**Input data**:
*****
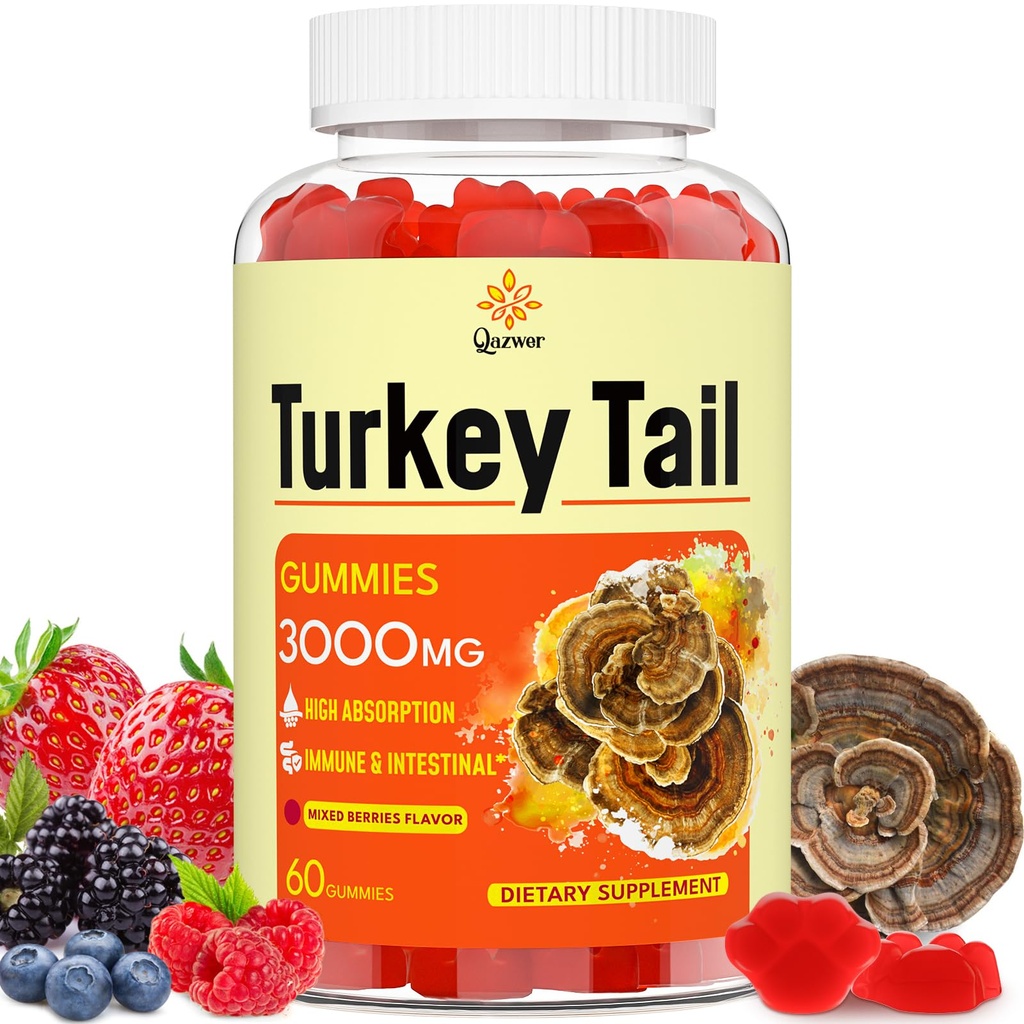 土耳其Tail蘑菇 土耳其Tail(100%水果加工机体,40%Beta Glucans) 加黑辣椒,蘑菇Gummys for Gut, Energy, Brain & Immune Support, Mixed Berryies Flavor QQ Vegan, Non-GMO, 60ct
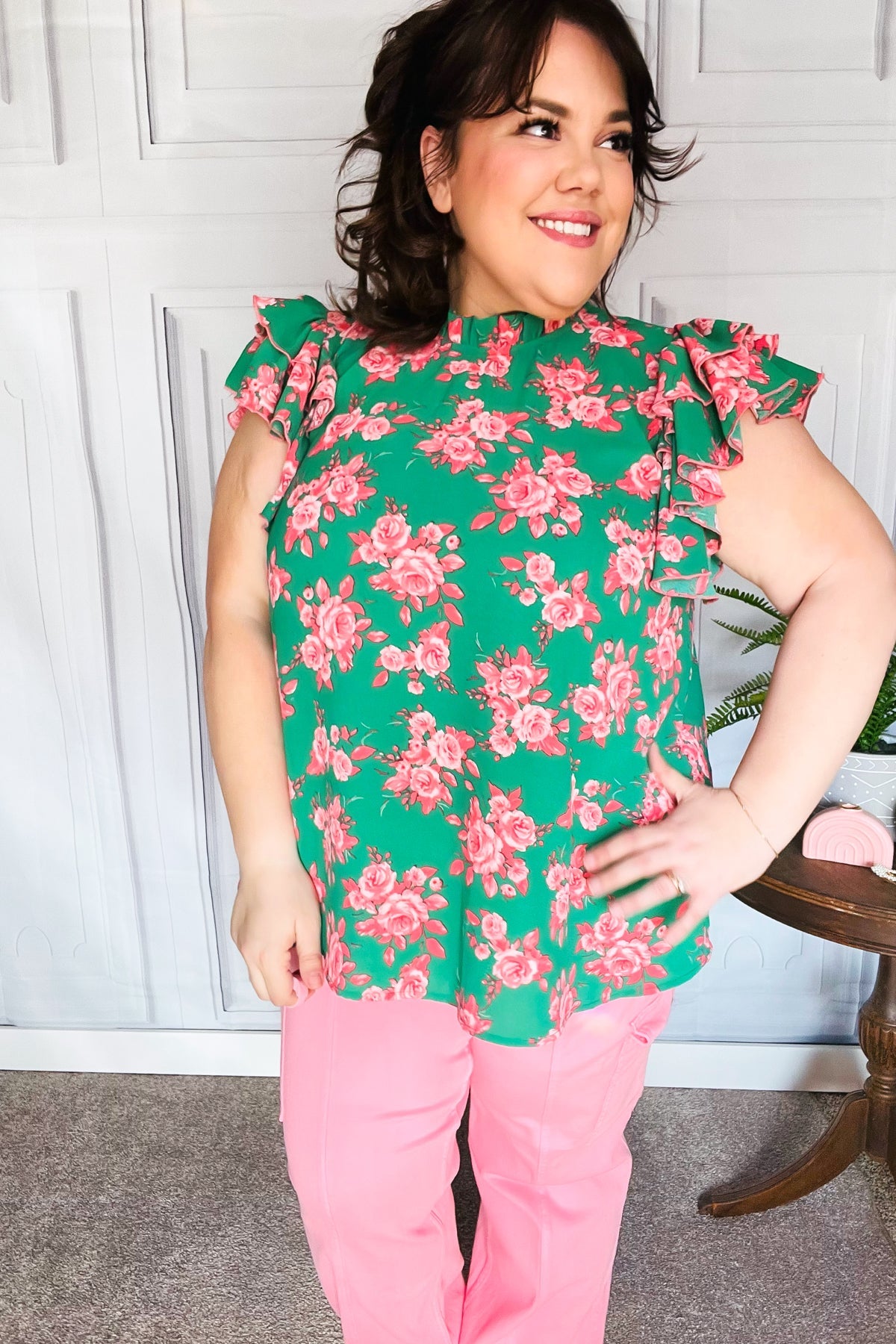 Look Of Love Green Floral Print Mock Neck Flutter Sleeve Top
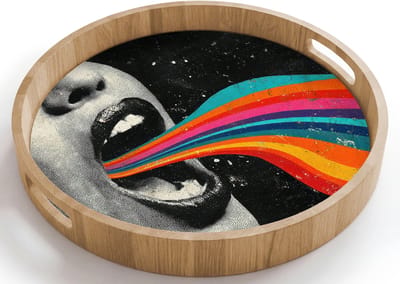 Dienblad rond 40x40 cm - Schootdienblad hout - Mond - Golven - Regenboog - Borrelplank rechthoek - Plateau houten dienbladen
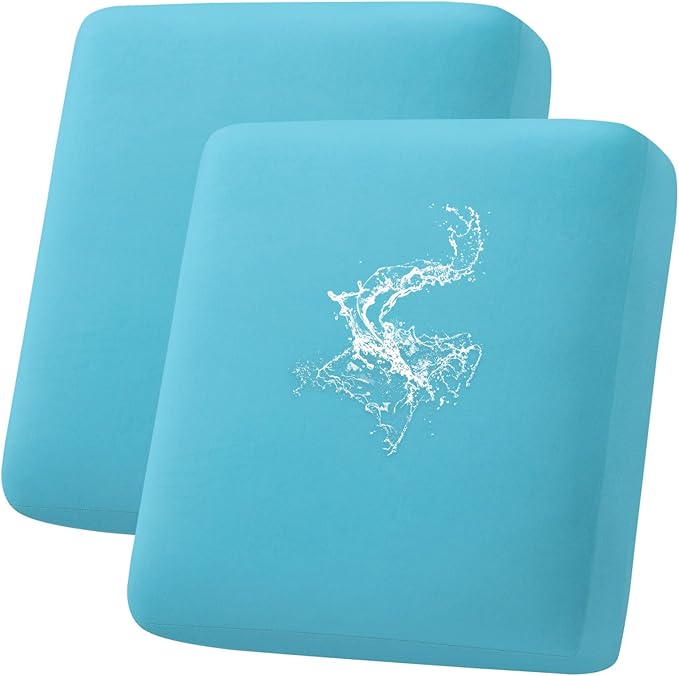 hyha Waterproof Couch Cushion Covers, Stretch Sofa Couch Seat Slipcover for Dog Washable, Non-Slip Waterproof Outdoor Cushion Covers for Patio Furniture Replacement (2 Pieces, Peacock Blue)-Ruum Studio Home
*****
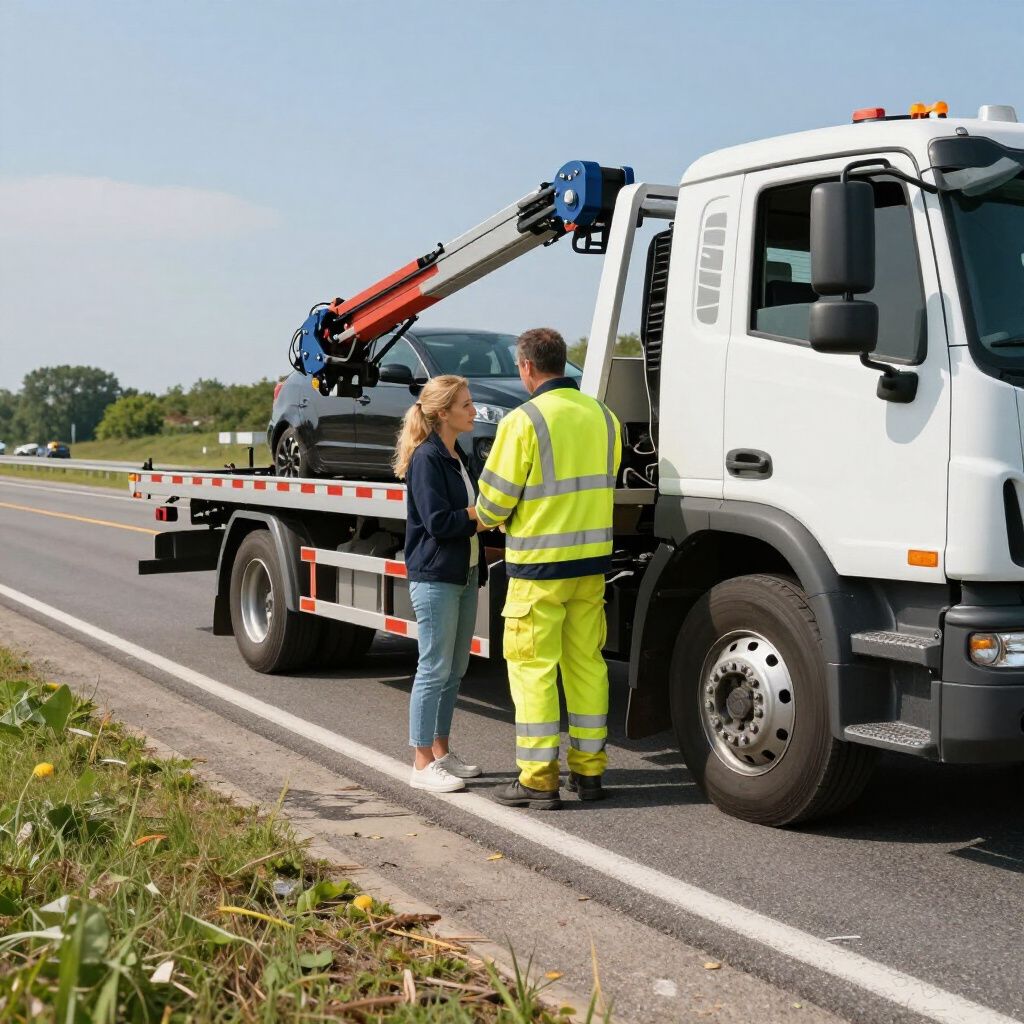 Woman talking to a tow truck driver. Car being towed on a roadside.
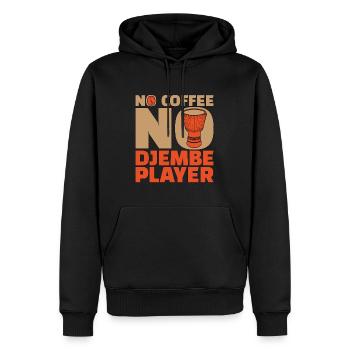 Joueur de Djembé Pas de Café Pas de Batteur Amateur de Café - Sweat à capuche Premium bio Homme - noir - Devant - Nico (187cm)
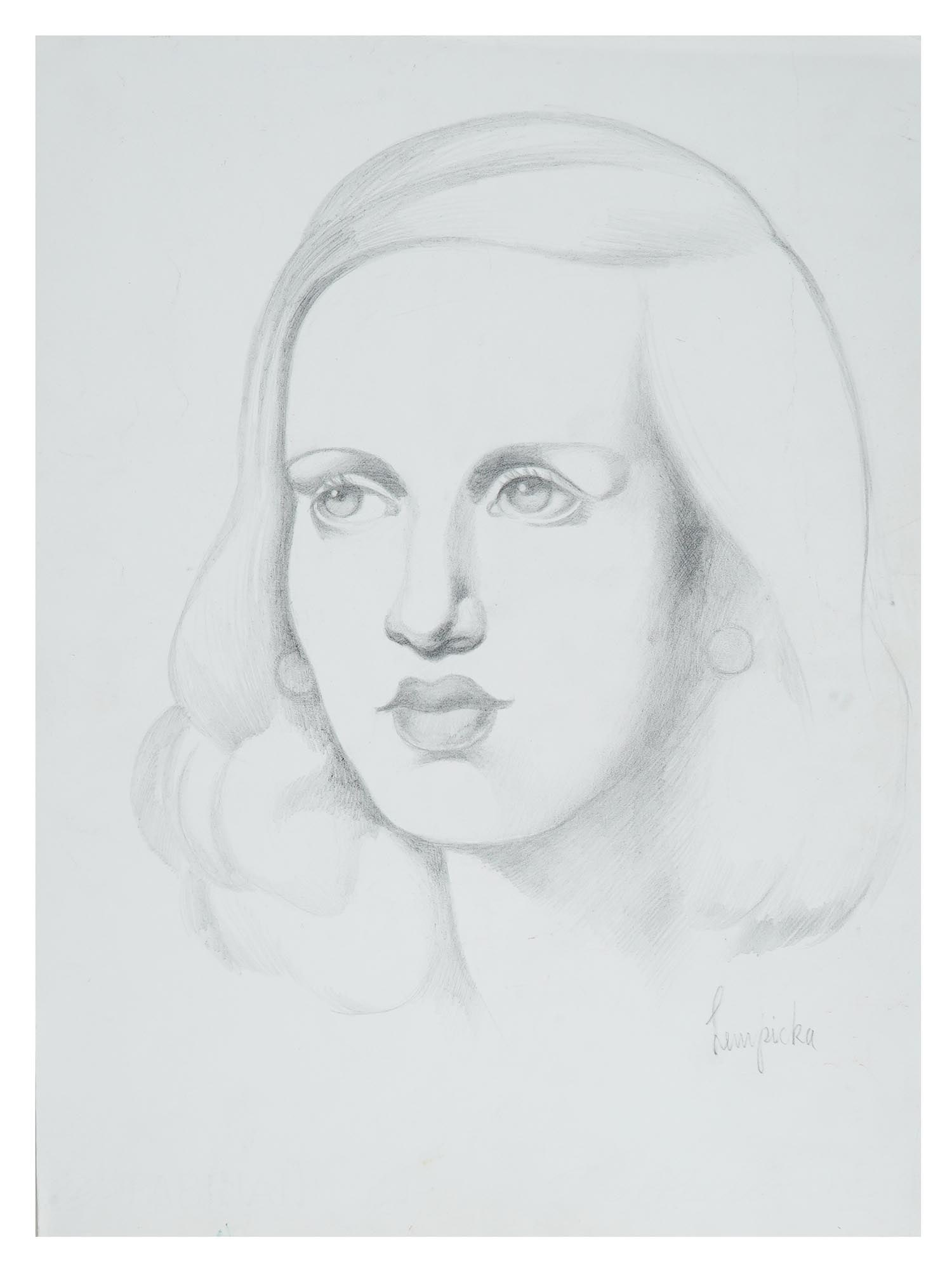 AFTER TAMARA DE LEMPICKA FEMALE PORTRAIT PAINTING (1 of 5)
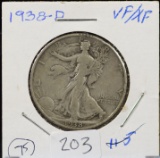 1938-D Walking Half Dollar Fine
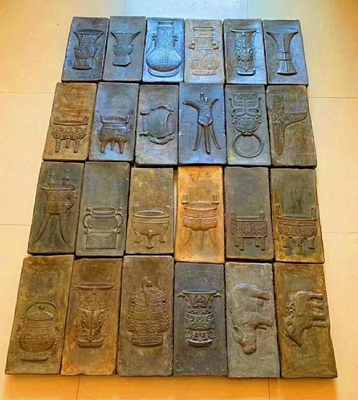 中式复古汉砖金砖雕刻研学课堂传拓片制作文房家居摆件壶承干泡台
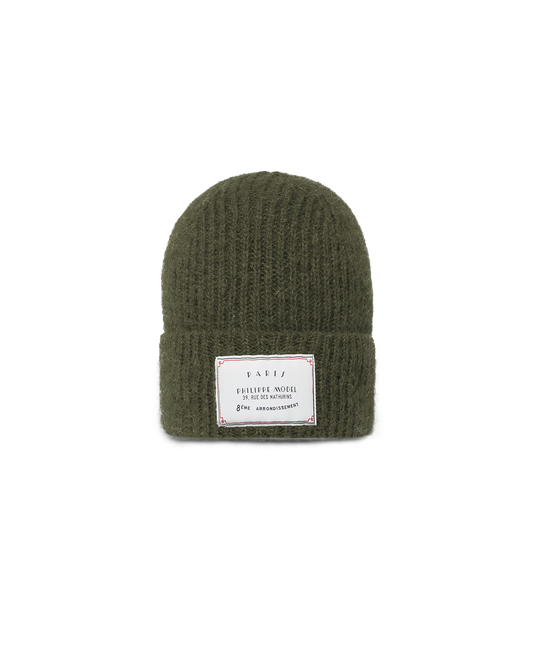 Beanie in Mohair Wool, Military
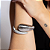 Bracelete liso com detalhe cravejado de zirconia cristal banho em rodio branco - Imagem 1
*****
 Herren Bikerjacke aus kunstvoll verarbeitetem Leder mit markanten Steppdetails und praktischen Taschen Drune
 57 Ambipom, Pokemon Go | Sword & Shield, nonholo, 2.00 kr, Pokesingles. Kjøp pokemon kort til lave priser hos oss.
*****
**Aim of the exercise**:
Above this task is a listing with pictures in it. Retype only the lines from the one containing "Joueur de Djembé" through the one containing "Bracelete liso com", both included, and not the pictures.

**Reply to the exercise**:
 Joueur de Djembé Pas de Café Pas de Batteur Amateur de Café - Sweat à capuche Premium bio Homme - noir - Devant - Nico (187cm)
 AFTER TAMARA DE LEMPICKA FEMALE PORTRAIT PAINTING (1 of 5)
 1938-D Walking Half Dollar Fine
 中式复古汉砖金砖雕刻研学课堂传拓片制作文房家居摆件壶承干泡台
 Beanie in Mohair Wool, Military
 Bracelete liso com detalhe cravejado de zirconia cristal banho em rodio branco - Imagem 1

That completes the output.